• **PROBLEM DESCRIPTION**
Copy the material below verbatim from the line with "С переходом Cadburry" to the line with "Автокресло INDIGO Unica / LB321 - фото", both lines included, omitting pictures and every line outside that range.
BEGIN SUPPLIED MATERIAL
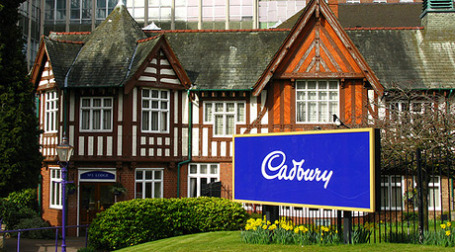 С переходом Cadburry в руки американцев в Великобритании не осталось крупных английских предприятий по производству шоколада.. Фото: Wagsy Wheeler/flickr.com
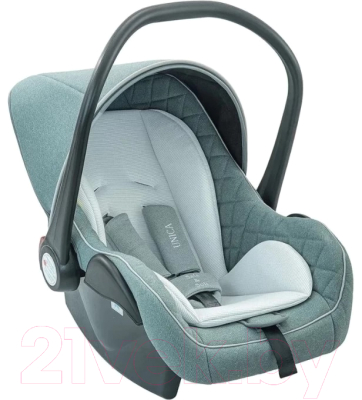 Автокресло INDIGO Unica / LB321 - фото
END SUPPLIED MATERIAL
BEGIN SUPPLIED MATERIAL
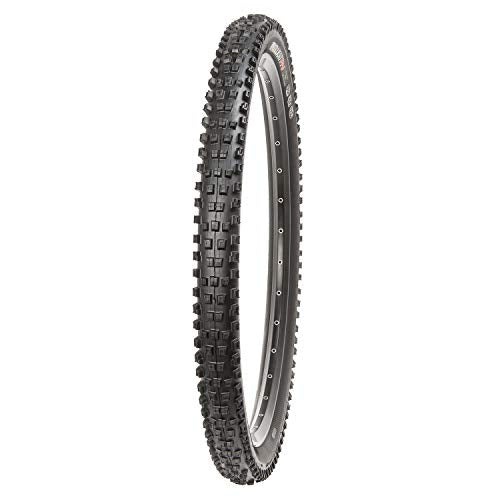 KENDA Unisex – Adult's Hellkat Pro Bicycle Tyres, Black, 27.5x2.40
END SUPPLIED MATERIAL
• **SOLUTION FOR THIS PROBLEM**
 С переходом Cadburry в руки американцев в Великобритании не осталось крупных английских предприятий по производству шоколада.. Фото: Wagsy Wheeler/flickr.com
 Автокресло INDIGO Unica / LB321 - фото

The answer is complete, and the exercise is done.